*** INPUT Section Begins ***

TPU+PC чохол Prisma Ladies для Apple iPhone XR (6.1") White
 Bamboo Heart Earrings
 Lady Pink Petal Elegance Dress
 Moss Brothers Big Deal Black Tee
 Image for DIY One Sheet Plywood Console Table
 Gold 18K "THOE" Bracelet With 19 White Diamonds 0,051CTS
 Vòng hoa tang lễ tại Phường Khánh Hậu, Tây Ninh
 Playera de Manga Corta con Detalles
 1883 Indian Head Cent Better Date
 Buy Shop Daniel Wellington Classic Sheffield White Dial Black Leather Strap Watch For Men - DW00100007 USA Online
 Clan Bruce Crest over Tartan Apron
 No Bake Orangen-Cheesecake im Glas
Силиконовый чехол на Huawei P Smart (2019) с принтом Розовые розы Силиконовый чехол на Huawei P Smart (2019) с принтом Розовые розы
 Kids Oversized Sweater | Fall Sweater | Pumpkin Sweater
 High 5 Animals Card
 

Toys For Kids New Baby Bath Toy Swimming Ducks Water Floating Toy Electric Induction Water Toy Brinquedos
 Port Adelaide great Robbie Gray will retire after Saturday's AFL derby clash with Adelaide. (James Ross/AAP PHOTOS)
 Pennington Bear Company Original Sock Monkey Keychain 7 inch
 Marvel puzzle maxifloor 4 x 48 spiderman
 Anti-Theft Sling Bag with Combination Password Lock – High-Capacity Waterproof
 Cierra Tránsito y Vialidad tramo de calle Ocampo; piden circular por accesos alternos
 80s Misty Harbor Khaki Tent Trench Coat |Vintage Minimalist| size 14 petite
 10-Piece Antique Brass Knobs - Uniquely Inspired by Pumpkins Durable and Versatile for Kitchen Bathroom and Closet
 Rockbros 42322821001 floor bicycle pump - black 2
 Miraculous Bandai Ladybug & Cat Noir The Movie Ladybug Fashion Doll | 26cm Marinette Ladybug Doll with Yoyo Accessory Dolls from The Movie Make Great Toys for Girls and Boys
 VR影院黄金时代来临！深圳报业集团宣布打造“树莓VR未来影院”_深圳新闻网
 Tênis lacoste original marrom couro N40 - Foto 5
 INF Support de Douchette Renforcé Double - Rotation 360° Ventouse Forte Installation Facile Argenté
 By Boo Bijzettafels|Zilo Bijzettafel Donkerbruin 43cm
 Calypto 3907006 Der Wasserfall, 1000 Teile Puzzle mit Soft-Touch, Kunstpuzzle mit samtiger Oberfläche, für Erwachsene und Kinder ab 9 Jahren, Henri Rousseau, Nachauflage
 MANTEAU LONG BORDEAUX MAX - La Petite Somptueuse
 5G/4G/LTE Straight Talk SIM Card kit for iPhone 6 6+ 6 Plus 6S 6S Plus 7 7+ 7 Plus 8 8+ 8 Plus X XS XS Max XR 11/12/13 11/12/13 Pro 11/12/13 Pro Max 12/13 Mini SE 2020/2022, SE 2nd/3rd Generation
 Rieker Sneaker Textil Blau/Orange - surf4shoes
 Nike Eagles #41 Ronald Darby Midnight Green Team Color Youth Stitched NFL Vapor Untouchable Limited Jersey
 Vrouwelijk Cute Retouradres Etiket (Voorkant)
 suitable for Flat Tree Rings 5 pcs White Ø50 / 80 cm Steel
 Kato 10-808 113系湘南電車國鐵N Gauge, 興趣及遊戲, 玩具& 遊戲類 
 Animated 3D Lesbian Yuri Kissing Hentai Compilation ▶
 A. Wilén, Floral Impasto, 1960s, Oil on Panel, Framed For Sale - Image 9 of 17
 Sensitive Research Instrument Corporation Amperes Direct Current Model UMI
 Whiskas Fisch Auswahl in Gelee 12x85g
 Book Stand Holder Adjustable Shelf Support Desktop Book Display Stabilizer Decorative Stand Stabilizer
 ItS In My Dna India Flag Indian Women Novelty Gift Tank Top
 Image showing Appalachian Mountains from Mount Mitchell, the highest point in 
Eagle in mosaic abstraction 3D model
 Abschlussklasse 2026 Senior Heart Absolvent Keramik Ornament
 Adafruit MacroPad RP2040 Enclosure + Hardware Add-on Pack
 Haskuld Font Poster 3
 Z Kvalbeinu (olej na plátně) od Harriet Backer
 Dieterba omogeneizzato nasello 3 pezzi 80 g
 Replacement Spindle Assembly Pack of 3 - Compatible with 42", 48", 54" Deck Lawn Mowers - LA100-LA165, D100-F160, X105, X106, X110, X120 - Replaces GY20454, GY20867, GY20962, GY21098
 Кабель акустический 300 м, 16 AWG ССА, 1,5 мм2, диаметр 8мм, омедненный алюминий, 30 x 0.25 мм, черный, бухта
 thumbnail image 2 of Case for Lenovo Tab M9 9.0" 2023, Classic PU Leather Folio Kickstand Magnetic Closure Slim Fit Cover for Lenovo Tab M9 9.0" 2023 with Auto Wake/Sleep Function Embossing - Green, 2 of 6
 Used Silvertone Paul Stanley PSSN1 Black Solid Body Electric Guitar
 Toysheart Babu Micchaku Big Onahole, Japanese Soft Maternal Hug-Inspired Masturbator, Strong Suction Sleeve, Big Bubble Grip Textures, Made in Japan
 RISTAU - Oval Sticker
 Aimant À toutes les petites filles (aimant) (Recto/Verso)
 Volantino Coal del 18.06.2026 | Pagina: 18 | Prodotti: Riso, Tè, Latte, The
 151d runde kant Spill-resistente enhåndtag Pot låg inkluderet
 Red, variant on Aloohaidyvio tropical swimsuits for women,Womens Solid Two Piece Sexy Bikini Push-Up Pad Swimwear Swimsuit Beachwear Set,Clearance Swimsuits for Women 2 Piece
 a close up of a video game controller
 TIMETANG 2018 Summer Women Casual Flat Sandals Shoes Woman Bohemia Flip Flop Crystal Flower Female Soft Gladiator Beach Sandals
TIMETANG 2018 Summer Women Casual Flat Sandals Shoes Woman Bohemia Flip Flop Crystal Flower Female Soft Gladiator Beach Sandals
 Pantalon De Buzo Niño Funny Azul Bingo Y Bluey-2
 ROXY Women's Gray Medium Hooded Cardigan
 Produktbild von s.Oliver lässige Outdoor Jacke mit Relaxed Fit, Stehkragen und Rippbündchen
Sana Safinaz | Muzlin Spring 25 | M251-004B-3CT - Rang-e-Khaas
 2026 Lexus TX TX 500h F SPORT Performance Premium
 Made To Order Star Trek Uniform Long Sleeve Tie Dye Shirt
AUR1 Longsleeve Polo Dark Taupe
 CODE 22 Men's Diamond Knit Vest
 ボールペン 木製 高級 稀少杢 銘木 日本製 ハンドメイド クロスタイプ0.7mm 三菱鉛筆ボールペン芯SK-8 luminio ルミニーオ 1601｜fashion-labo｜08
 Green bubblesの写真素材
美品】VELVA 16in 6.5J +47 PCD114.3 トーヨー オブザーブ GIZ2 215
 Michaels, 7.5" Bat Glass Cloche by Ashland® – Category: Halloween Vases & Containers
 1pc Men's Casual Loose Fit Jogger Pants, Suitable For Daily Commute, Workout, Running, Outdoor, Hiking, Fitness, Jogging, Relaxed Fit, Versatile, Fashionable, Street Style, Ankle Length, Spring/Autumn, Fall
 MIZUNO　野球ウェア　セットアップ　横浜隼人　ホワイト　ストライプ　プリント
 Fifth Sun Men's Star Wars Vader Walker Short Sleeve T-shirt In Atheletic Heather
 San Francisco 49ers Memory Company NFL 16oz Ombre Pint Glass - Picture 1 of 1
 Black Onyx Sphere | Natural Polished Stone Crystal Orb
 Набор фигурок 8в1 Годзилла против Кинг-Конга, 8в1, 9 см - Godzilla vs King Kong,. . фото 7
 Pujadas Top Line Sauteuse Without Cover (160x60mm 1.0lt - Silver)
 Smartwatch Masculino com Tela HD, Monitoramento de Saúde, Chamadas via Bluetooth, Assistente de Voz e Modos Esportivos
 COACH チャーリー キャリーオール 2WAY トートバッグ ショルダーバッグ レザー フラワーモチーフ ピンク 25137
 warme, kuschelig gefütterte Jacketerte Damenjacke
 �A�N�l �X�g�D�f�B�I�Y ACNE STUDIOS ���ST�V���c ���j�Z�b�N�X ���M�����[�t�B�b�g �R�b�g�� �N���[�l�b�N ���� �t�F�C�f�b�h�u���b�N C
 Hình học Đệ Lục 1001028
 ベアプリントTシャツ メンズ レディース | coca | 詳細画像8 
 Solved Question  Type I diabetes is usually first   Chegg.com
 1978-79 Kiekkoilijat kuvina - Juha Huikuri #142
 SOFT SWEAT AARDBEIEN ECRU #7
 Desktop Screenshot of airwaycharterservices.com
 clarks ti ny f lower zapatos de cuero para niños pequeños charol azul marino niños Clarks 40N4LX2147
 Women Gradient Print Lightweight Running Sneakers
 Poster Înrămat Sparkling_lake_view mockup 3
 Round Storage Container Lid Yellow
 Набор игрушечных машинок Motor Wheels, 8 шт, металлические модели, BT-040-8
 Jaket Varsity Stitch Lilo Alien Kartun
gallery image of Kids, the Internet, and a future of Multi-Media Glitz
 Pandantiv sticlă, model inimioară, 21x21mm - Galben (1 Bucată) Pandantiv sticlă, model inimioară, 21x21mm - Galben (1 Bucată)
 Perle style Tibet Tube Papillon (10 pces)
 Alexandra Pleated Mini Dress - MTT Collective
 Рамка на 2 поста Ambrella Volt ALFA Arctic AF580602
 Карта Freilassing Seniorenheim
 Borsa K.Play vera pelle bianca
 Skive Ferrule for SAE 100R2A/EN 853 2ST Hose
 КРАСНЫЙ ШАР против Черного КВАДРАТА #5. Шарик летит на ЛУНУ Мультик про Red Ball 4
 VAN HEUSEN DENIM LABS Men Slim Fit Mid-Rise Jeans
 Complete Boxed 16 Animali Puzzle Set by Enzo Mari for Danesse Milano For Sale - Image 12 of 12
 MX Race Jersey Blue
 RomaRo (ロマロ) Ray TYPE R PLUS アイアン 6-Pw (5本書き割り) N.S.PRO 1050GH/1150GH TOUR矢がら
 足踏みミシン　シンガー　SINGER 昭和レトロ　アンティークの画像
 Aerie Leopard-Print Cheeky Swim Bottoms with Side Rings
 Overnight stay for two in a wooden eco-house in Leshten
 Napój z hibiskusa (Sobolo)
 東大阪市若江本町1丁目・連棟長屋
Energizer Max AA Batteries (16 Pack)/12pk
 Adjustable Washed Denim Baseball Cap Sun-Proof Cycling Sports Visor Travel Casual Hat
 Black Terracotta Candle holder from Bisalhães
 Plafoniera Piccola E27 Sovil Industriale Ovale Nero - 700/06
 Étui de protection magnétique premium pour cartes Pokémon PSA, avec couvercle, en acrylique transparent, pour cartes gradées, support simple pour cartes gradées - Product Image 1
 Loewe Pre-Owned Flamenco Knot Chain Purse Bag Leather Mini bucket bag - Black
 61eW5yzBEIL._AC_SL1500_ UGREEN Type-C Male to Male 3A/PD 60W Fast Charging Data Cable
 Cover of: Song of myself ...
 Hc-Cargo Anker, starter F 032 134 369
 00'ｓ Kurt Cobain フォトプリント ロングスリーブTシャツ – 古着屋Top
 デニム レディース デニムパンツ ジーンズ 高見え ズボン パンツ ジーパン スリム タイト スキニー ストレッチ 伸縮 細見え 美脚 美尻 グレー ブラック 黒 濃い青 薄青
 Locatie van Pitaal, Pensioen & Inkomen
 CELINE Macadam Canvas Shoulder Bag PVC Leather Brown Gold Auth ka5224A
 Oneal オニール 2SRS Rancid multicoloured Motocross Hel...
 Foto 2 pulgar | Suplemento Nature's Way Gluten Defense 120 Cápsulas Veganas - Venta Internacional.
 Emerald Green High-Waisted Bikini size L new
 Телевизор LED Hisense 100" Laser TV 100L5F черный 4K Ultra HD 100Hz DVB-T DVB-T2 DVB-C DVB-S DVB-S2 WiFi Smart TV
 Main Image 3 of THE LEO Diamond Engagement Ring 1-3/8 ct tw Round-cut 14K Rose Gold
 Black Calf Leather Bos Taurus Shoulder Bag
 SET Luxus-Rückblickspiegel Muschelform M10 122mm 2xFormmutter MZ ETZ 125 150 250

*** INPUT Section Ends ***

EXERCISE: Pick out and copy the lines of the entries that hold the string "Versatile".

EXERCISE RESPONSE:
 10-Piece Antique Brass Knobs - Uniquely Inspired by Pumpkins Durable and Versatile for Kitchen Bathroom and Closet
 1pc Men's Casual Loose Fit Jogger Pants, Suitable For Daily Commute, Workout, Running, Outdoor, Hiking, Fitness, Jogging, Relaxed Fit, Versatile, Fashionable, Street Style, Ankle Length, Spring/Autumn, Fall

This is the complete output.